Over the summer, Trump attempted to fire Lisa Cook, a Federal Reserve governor, over charges that she had irregularities on a mortgage application. That has gone nowhere for now, and the Supreme Court will hear arguments on that case this month. But it was part of a concerted effort to stack the 12 voting members of the Federal Reserve board with Trump appointees who would follow the president’s orders and opt for lower interest rates. He also placed a White House official, Stephen Miran, on the Fed. The legal offensive against Powell, whom Trump nominated to his post in 2017, is the capstone of those efforts. 

“This is another attack on the Fed’s independence, and the Supreme Court will not be blinded by the idea that it is some technicality about Lisa Cook. Powell has made that clear,” Wessel said.

Countries such as Turkey have seen the consequences of a president who decides to neuter the central bank and force interest rates down. As bad as that was for Turkey, which saw inflation spike and growth sputter, the ramifications of White House interference in the independence of the Federal Reserve are much larger, because the U.S. dollar remains the world’s reserve currency. Interest rate decisions made by the Fed matter for all other economies, and especially emerging-market economies whose debt is usually denominated in dollars.

Ironically, Trump’s offensive against the Fed may backfire in the short term.
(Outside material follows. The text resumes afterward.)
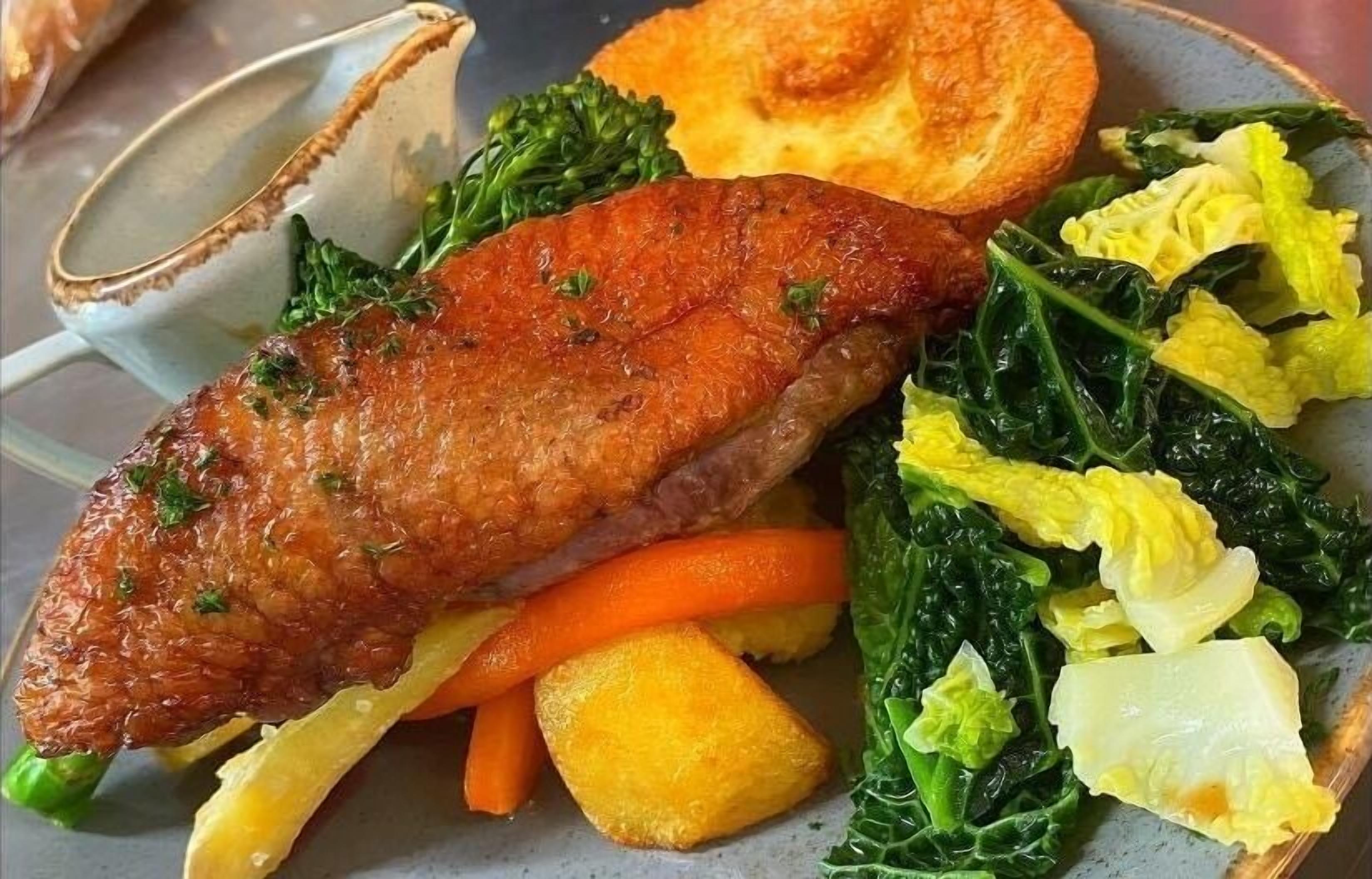 A plate with roasted duck, vegetables, and a side of bread.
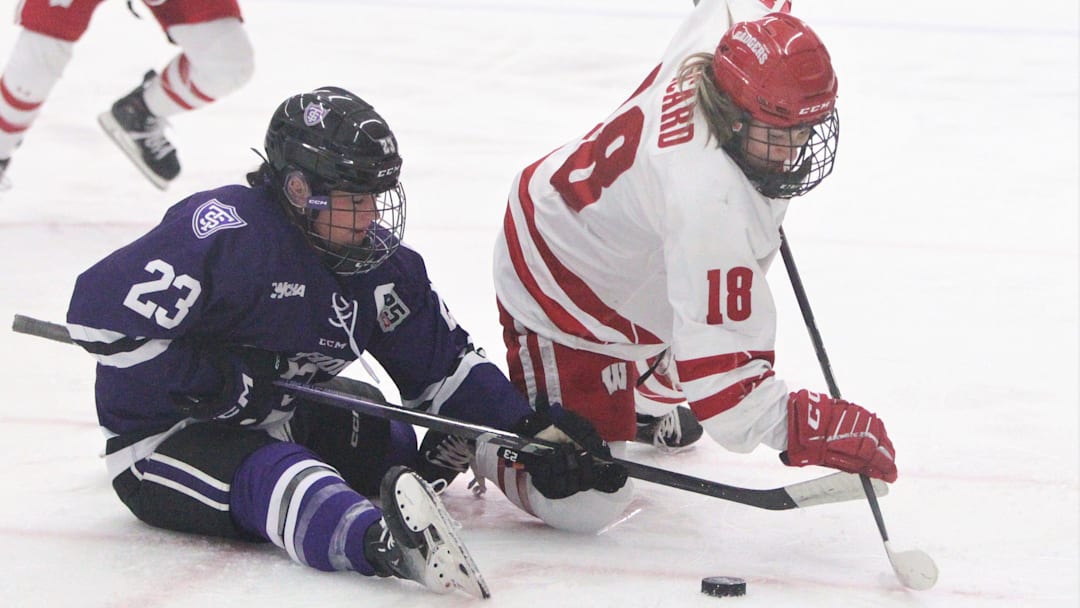 Wisconsin's Marianne Picard (18) fights for the puck after a faceoff with St. Thomas' Brieja Parent on Saturday March 2, 2024 at LaBahn Arena in Madison, Wisconsin.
With Powell under investigation and openly defiant, the Fed is even less likely to cut interest rates any further until the summer. 

Powell’s term as Fed chair expires in May, though his term as a Fed governor extends through January 2028. The two top candidates to replace him as chair—Kevin Hassett, the White House economic advisor, and Kevin Warsh, a former member of the Fed’s board of governors—now labor under a cloud of suspicion that unlike all previous Fed chairs, they would not prize and protect the independence of the central bank, but would instead do Trump’s bidding.

Sen. Thom Tillis, a Republican on the Banking Committee, vowed to block Trump’s next nominee over concerns about the erosion of independence at the Federal Reserve. Further Republican pushback could paralyze Trump’s efforts to name a pliant new chair. The stakes are potentially huge.

“If Trump succeeds, we will look back on this the way that the British look at Brexit. It wasn’t too bad at first, but over a decade, it has huge impacts on economic growth,” Wessel said.